Protect confidential information FAQs
Confidentiality Agreements protect your proprietary information from being shared with your competitors. Anyone who is privy to your company's protected information could potentially share that information with your competitors or could use the information to become a competitor. While Confidentiality Agreements, often called Non-disclosure Agreements, can be difficult to enforce, they can offer your company some protection.
There are limitations to Confidentiality Agreements. For example, an agreement cannot be used to protect against illegal activities such as harassment or discrimination. You also cannot prosecute those who may overhear private company information unknowingly.
You may be wondering, Do I have to sign a Confidentiality or Non-disclosure Agreement (NDA)? You may be asked by employers or business associates to sign an NDA. These agreements are fairly common and are intended to protect a company's proprietary information. Employees are often required to sign one as part of their employment agreement. Business associates are also often asked to sign one. For example, if they are sharing product information with you about a product that has not yet been released to the market.

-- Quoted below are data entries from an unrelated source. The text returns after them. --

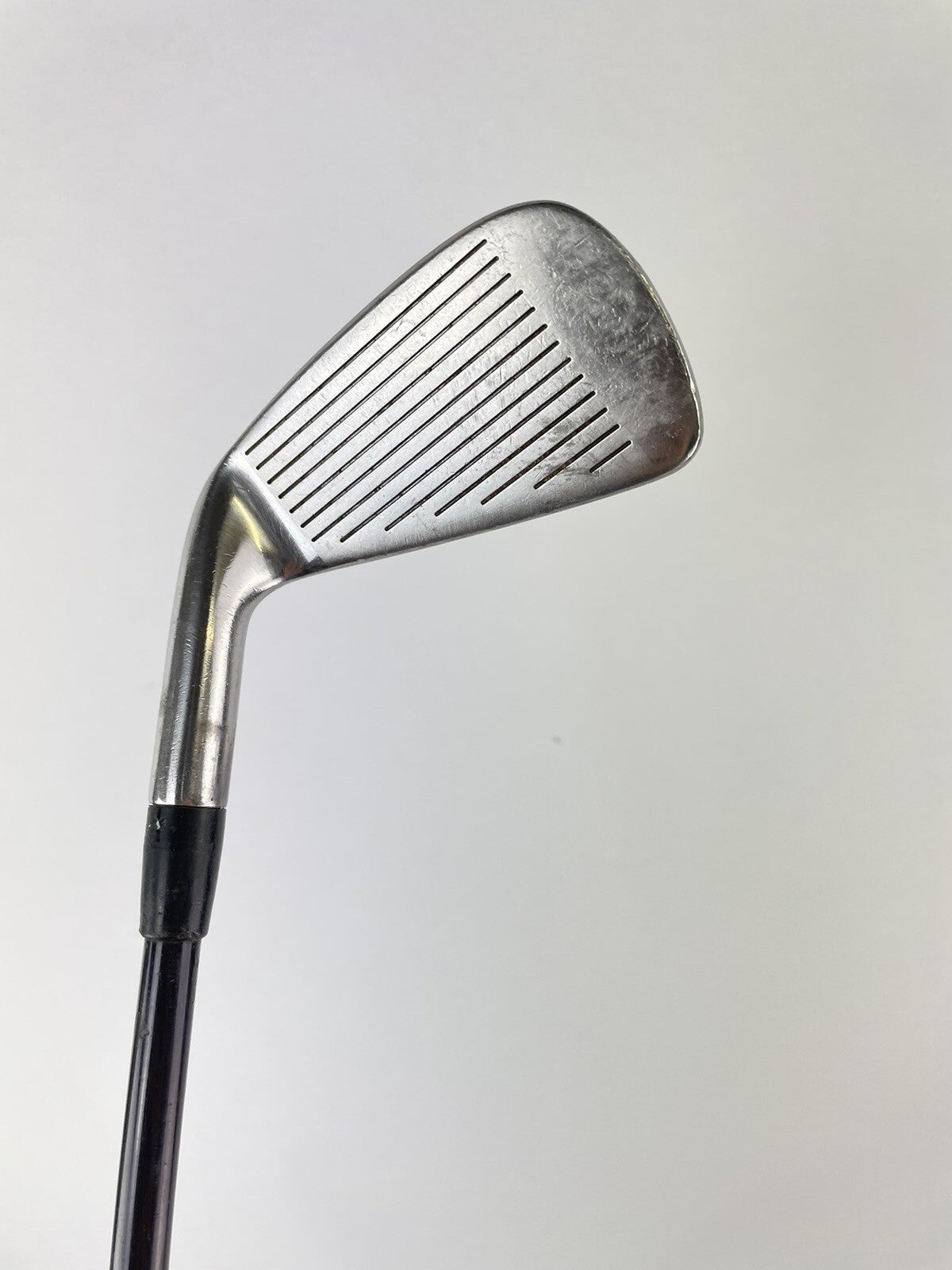 Zevo Golf 6 Iron Midsize Regular Flex Graphite /Right Handed /New Grip /132179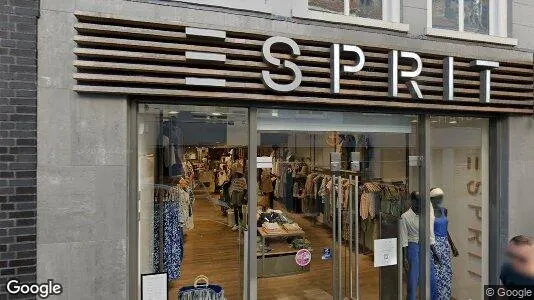 Lokaler til leje i Goes - Foto fra Google Street View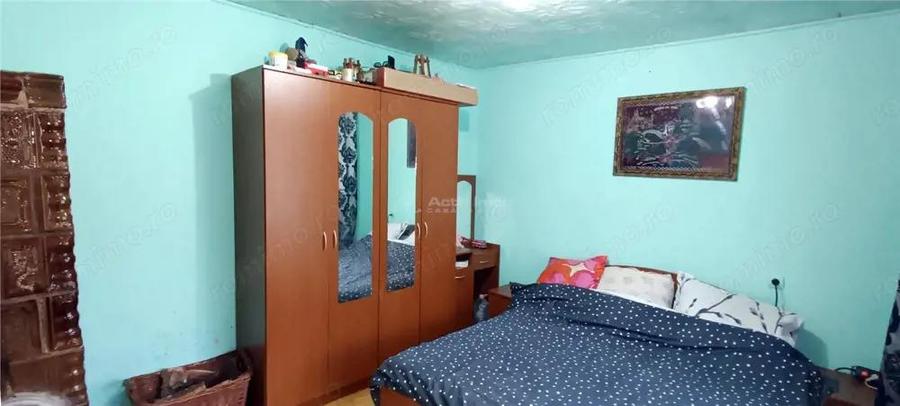 MOLDOVA NOUA, Casa 3 camere, Suprafata totala teren: 274 mp - 4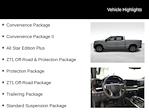 2026 Chevrolet Silverado 1500 Crew Cab 4x4 Pickup for sale #33759 - photo 27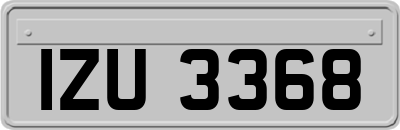 IZU3368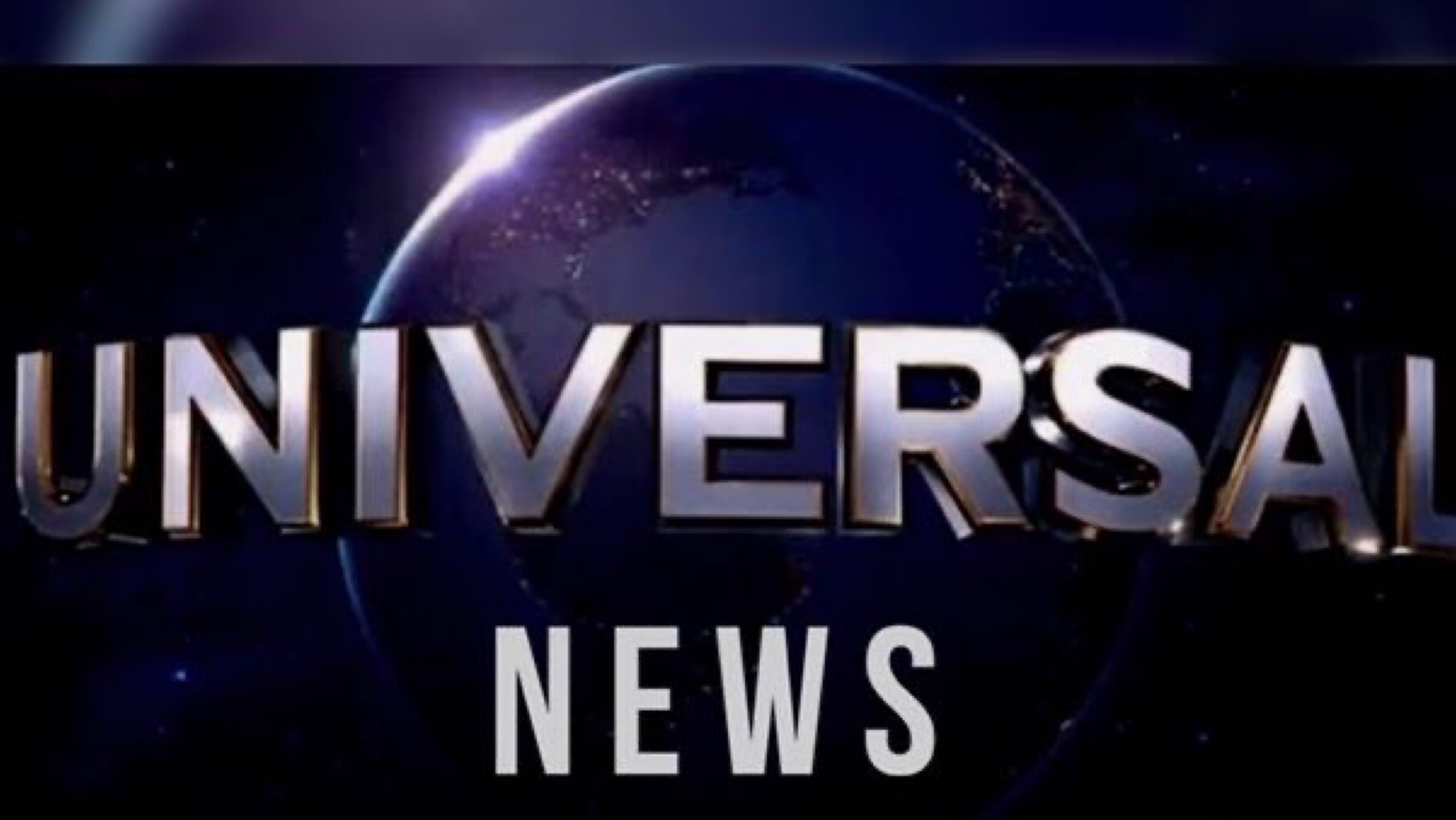 UNIVERSAL NEWS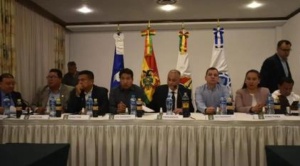 La FBF declara “desierto” el 55º Congreso Ordinario por inasistencia de delegados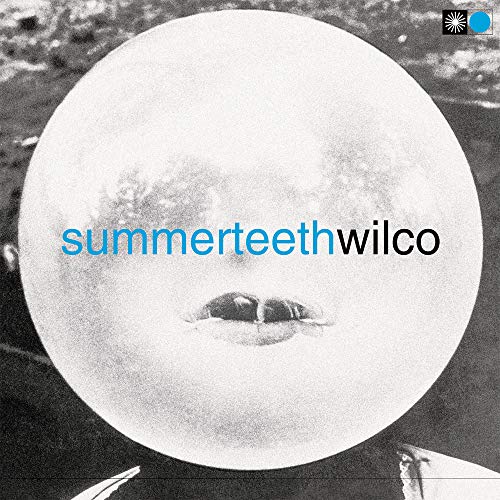 Wilco - Summerteeth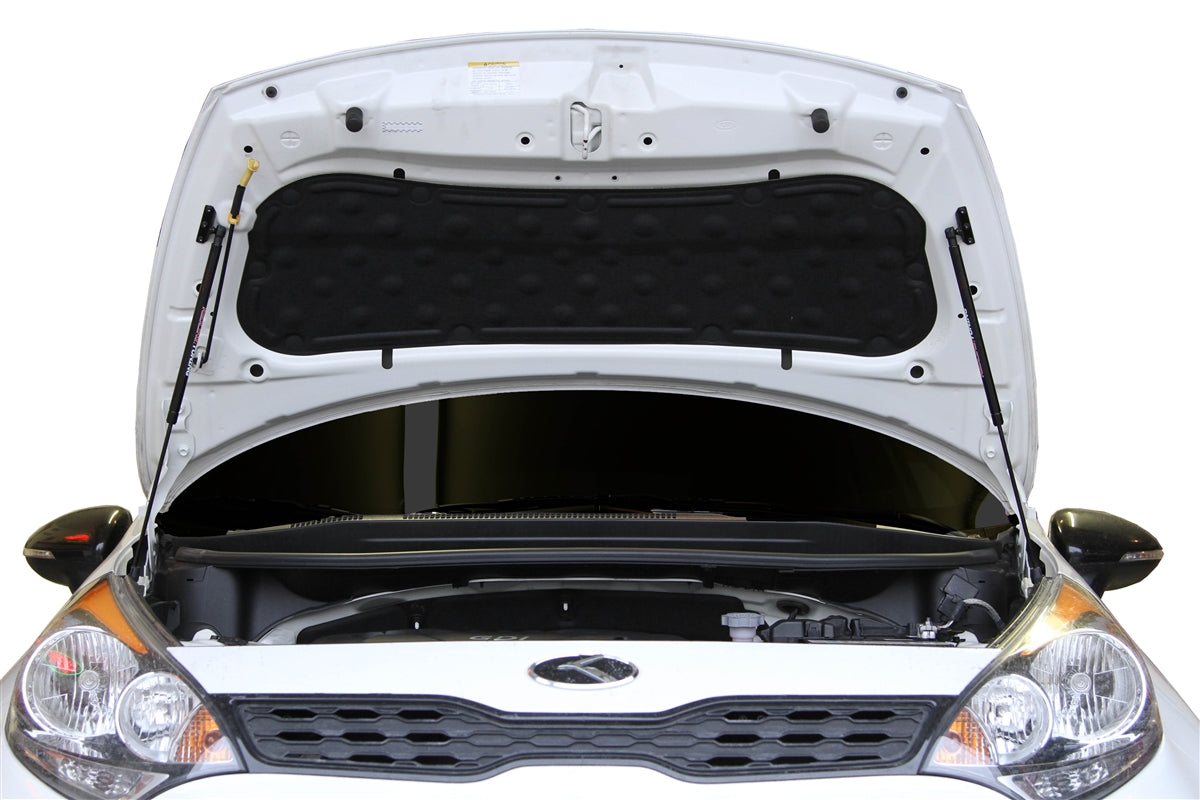 Redline Tuning 2012-2017 Hyundai Accent Hood QuickLIFT PLUS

If you are asked to sign a Confidentiality Agreement, make sure you understand the agreement and what information is considered protected. NDAs also include a time limit. It may be for a few years or until the information becomes public knowledge (such as rebranding or an acquisition). In most situations, signing the document is not optional. Usually, it will need to be signed before you move forward in the business relationship; however, you can ask them to explain the terms of the agreement for you.